/mir2j

An attempt to write a MIR (Medium Internal Representation) to Java translator

Primary LanguageCMIT LicenseMIT

MIR2j Project

The goal of this project is to make C applications/libraries work in a JVM. There are already projects that do this:

It should be possible to do the same thing with MIR but with a much smaller footprint.

At first, I thought it wasn't a good idea (for me) to start generating bytecodes because I needed to understand how MIR works and experiment with trial and error (and also because I haven't found a good bytecode manipulation library in pure c). So I decided to generate Java sources for now.
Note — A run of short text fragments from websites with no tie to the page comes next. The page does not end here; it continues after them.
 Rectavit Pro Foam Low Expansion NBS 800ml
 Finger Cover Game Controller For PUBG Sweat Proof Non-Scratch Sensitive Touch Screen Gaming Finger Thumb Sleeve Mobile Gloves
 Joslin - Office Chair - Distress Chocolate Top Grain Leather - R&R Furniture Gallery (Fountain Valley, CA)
Another advantage is that we could also easily generate sources for languages close to Java syntax like C# or Dart.

LLVM IR / C => MIR => Java Sources

Because there is no goto instruction at source level, the program flow is based on a loop with switch/case statements.

public void doSomething() {
  while(true) {
    switch(label) {
    case 1:
     ....
    case 2:
      label = 1; // goto L1;
      break;
    }
  }
}  

Memory is a giant byte array (byte[]) with this structure: DATA | STACK | HEAP. It seems to me than putting the heap at the end helps to minimize memory footprint when a program is not allocating on the heap.

The C Standard library will be implemented in two places : a Runtime class (only printf and alloca yet) and a single C file for the other common functions which don't require an interaction with the subsystem (like string manipulations)

Currently the code is in its early stages, but the sieve.c example can already be converted and works fine.

Issues

When calling functions passing structures by value, the following behavior has been observed:

If the size of the structure is less than 16 bytes, then c2mir generates functions which return 2 values of 8 bytes to avoid allocating a block of memory on the stack.

If the size of the structure is greater than 16 bytes, c2mir allocates a memory block on the stack in which the values of the structure are written.

Until this problem is fixed, you should modify your C source code so that structures are always larger than 16 bytes (ugly)